EXERCISE DIRECTIONS. Transcribe the listing in full. Keep every line exactly as it stands.

DATASET.
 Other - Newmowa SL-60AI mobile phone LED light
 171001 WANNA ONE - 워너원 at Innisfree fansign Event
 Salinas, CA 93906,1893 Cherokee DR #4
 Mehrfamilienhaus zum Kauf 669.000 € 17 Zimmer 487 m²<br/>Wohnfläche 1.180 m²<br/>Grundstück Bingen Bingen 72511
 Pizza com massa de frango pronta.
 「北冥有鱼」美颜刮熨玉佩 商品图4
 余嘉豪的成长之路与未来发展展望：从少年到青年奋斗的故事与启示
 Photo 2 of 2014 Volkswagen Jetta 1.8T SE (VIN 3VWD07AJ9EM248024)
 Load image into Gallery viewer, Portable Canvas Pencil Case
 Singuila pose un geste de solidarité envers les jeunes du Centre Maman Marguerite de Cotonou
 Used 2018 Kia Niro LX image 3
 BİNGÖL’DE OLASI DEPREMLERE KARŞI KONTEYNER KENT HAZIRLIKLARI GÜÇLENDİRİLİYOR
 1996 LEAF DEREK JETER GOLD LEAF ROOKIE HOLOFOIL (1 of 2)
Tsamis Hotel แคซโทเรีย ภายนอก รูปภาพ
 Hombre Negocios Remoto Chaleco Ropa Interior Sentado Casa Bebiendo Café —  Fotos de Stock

TASK OUTPUT.
 Other - Newmowa SL-60AI mobile phone LED light
 171001 WANNA ONE - 워너원 at Innisfree fansign Event
 Salinas, CA 93906,1893 Cherokee DR #4
 Mehrfamilienhaus zum Kauf 669.000 € 17 Zimmer 487 m²<br/>Wohnfläche 1.180 m²<br/>Grundstück Bingen Bingen 72511
 Pizza com massa de frango pronta.
 「北冥有鱼」美颜刮熨玉佩 商品图4
 余嘉豪的成长之路与未来发展展望：从少年到青年奋斗的故事与启示
 Photo 2 of 2014 Volkswagen Jetta 1.8T SE (VIN 3VWD07AJ9EM248024)
 Load image into Gallery viewer, Portable Canvas Pencil Case
 Singuila pose un geste de solidarité envers les jeunes du Centre Maman Marguerite de Cotonou
 Used 2018 Kia Niro LX image 3
 BİNGÖL’DE OLASI DEPREMLERE KARŞI KONTEYNER KENT HAZIRLIKLARI GÜÇLENDİRİLİYOR
 1996 LEAF DEREK JETER GOLD LEAF ROOKIE HOLOFOIL (1 of 2)
Tsamis Hotel แคซโทเรีย ภายนอก รูปภาพ
 Hombre Negocios Remoto Chaleco Ropa Interior Sentado Casa Bebiendo Café —  Fotos de Stock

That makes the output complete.